Before joining BBC Science as a TV producer, Simon Singh completed a Ph.D. in particle physics at Cambridge University and CERN. In 2008, the British Chiropractic Association (BCA) sued Singh for an article criticizing claims to treat various childhood conditions. The case ended in 2010, when the BCA withdrew their action, thereby vindicating Singh’s original publication. Simon has spent the last two years as a member of the Libel Reform Campaign, which aims to bring English libel law in line with levels of free speech in other democratic countries.
An active member of the research community in the fields of cryptanalysis (breaking ciphers), computer security, and privacy, Orr Dunkelman has published numerous papers analyzing the security of ciphers and cryptosystems. He is widely recognized for his work on the Advanced Encryption Standard (AES), the KASUMI block cipher that is used to protect 3G communications, and the KeeLoq block cipher that is widely deployed in remote entry systems, such as alarms.
Additionally, Orr has worked on improving cryptanalytic methods and developing new techniques. His advances in the cryptanalytic toolbox have helped buffer recent attacks on the full AES and many other ciphers.
Born in Ramat Gan, Israel, Orr Dunkelman completed his Ph.D. studies in the computer science department at the Israel Institute of Technology in 2006. He currently holds a faculty position at the University of Haifa, Israel.

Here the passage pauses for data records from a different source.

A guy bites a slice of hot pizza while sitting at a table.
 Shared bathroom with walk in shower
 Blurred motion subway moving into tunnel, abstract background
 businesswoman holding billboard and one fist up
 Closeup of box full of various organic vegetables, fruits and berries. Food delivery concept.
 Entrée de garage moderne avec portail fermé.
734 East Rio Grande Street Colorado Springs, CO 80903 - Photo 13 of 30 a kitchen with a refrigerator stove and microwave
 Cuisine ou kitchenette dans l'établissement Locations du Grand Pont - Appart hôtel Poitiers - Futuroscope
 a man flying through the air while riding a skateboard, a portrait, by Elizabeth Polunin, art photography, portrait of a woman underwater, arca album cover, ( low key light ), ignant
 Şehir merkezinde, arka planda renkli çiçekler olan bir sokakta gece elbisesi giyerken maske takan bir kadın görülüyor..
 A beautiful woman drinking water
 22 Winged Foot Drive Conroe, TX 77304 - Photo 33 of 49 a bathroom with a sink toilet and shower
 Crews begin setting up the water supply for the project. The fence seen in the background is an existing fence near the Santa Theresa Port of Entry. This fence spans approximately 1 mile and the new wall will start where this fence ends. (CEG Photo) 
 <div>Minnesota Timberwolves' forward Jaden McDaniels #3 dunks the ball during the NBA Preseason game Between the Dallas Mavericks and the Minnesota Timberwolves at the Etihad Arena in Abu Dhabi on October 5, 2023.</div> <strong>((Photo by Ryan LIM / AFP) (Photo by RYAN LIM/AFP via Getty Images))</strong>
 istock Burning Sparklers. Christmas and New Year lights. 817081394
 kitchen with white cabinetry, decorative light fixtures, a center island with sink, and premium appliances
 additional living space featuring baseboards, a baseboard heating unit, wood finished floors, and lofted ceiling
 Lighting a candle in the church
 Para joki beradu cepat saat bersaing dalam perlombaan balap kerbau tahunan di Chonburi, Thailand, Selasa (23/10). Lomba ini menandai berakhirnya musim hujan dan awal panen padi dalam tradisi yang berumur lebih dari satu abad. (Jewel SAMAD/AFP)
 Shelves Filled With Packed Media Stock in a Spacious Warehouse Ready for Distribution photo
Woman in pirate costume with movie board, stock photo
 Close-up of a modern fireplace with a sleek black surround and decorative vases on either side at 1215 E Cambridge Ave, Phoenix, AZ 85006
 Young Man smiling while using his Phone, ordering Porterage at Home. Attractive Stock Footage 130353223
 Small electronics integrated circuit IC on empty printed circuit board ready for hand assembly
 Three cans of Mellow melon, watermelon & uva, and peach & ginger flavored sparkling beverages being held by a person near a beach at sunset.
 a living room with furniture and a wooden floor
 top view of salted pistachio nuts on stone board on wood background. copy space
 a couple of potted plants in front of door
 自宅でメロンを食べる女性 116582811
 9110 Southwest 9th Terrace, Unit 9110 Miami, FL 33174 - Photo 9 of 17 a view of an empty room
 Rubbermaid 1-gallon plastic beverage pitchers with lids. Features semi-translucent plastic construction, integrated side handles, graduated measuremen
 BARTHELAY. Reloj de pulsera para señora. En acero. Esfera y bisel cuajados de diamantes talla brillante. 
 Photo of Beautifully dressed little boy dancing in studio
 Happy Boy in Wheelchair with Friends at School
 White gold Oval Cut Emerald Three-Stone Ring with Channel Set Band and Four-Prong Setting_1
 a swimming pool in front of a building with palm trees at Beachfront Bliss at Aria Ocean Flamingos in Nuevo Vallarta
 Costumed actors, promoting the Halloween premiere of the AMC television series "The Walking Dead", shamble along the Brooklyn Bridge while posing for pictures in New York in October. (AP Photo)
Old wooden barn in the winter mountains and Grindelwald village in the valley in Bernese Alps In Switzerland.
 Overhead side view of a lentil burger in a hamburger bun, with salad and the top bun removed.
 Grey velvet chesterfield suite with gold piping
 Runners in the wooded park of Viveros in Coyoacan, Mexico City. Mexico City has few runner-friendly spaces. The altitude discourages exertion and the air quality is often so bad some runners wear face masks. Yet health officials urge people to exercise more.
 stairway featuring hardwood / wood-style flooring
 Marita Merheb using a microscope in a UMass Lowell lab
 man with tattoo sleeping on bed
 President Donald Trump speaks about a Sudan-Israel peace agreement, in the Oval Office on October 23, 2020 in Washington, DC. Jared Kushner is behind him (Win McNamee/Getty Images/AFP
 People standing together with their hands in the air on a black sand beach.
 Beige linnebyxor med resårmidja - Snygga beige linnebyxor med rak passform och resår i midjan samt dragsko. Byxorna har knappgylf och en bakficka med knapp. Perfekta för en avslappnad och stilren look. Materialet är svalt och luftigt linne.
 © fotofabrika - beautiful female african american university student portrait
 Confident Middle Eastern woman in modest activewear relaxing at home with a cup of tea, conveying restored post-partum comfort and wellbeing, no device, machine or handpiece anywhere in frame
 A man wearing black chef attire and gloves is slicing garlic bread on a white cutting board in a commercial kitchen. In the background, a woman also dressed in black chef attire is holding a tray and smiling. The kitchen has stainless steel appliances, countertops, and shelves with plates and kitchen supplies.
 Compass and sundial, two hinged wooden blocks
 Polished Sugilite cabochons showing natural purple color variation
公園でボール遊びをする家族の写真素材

Manager and research staff member of the Cryptography Research Group at IBM’s T.J. Watson Research Center, Tal Rabin’s research focuses on the general area of cryptography and, more specifically, on multiparty computations, threshold and proactive security, which the National Research Council Cybersecurity Report to Congress said “… are now being seen as exactly the right primitives for building distributed systems that are more secure”.
Rabin regularly publishes in leading cryptography and security conferences and journals and has written several book chapters. She has also served as the Program Chair in leading cryptography conferences and is an editor of the Journal of Cryptology.
Rabin obtained her Ph.D. in Computer Science from the Hebrew University, Israel in 1994, and was an NSF Postdoc Fellow at MIT between 1994-1996. Following her postdoc, she joined IBM in 1996 and started managing the group in 1997.